都市型の生活に埋没する中で都市の論理に捕縛された精神性と常識を、自然はすっと緩め、時に新たな視座への道筋を示してくれる。持続可能な社会の実現に向けて取り組んでいくことが、人類全体に共通する新たな大きな物語になりつつあると言っても過言ではない昨今においては、特に、それは意義深いものであると言えるだろう。
と、そんな小難しい話は無しにしても、自然で過ごす時間は、単純に、楽しいし、心地よい。自然に触れる時間を一定量確保することで、自身のQOLはより高くなると思っている。

要するに、自然で過ごす時間は、良い。

一方で、看過できない副作用がある。

そのうちの1つは、化石燃料を使用することによる問題だ。
都市部を主たる居住空間とする自身にとっては、好ましい自然のフィールドは徒歩や自転車で行ける圏内にない。
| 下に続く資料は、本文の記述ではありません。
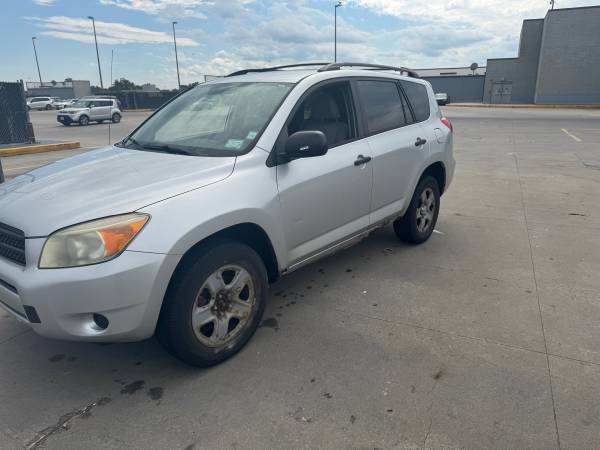 2006 Toyota Rav4 Base 4x4 Automatic — photo 2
必然的に、化石燃料を使用して現地に赴くこととなる。
エネルギーが枯渇することによって将来的に人類が苦しむというだけであれば、(将来世代に対する責任問題はありつつも)人類単位で見た時には自滅の様相を呈しているだけなので、私的には納得でき得る帰結だと思っている。
一方、温暖化が環境“破壊”に繋がるという前提、また、二酸化炭素が温暖化を進行させているという前提に立つならば、話は変わってくる。自然環境は、人類だけの所有物ではないからだ。
自然を希求する移動によって、二酸化炭素は排出され、私たちは自然環境を損ねてしまう。倒錯してしまった愛情の様に、自然を愛し求めるがゆえに、自然を破壊してしまうのだ。
「楽しかった」「自然ってやっぱいいよな」と愉快になっている最中、実は、その足で、自然を踏みにじってしまっているのかもしれない。

このようにして、自然と離れたフィールドに住む人間が、自然との触れ合いを求めた時に、悲しい矛盾は起こってしまう。

個人的には、「できるだけ長く現地で滞在する(日帰りでは極力いかない)」「多人数で行く際には、できるだけ同じ車に乗って行く」といった、雀の涙のような努力を介して、言わば“コストパフォーマンス”を向上しようと試みてはいる。だが、たかがしれている。

核分裂や核融合といった、また別の角度から環境を“破壊”し得るような技術に頼るのではなく、真に持続可能なエネルギー社会になれば、この罪悪感は消え去るのかもしれない。
ほぼ他力本願ながら、一刻も早くそうなって欲しいと切に願っている。

とはいえ、この自己矛盾に伴う罪悪感が、理性を持った存在が「生きる」ということの、本質を提示しているようにも見える。

業の深い人間として、その罪を少しでも濯ぐべくどう生きていくのか。
心苦しくはあるが、これが現代社会に通奏低音として響く価値観なのかもしれない。そんな風にも、思えてきた。